A few things to know about this stage. First, repair credits are fungible with price. If you are $4,000 apart on a repair credit and the buyer is not moving, offer a $2,000 price reduction instead of the $4,000 credit. The net cost to you is different, the net cost to them is similar (they lose $2,000 in purchase price rather than getting $4,000 in repair money), and sometimes the framing change is what gets the deal done.
Second, if the buyer is using inspection items as a price renegotiation tool, you can say so directly. “Our position is that the price we agreed to reflects the house as-is. We are willing to address legitimate safety concerns but are not in a position to renegotiate the price based on the inspection report.” This is a legitimate position and good agents know it.
Third, know your floor before you respond to anything. What is the minimum net you will accept? Run the math. If you accept the buyer’s full repair request, what does your net look like? If it is acceptable, you may just want to accept it and close. If it is not acceptable, you need to know that before you start negotiating, not after.
The trap sellers fall into
The most common mistake is treating the inspection as a separate negotiation from the purchase price. It is not. Every dollar you give up in repairs, credits, or price reductions is a dollar less than your net sale price. Some sellers negotiate the sale price hard and then give it all back in the inspection negotiation because they psychologically separate the two.

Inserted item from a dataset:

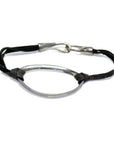 sterling silver plated in black rhodium on black leather oculus id bracelet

The seller who prices right, holds firm on the purchase price, and then gives a reasonable credit on one major inspection item is often in a better net position than the seller who pushed for a higher price and then got worked over in the inspection. The math is the math. I wrote about the pricing side of this separately, but the principle runs through the whole transaction.
The version that works
In practice, the inspection negotiations that close well follow a similar pattern. The seller acknowledges the significant items, proposes either a repair or a credit on those specific items, declines the maintenance items with a brief explanation, and ignores the cosmetic items entirely. The buyer pushes back on a few. Both sides move slightly. The deal closes.
The sellers who are still on the market eight weeks later are usually the ones who refused to acknowledge any inspection items at all, or the ones who agreed to fix thirty-seven things and then got into disputes about the quality of the work at the final walkthrough.
Good faith is not weakness. In inspection negotiations, showing good faith on the two or three items that matter often costs less than holding out on all of them.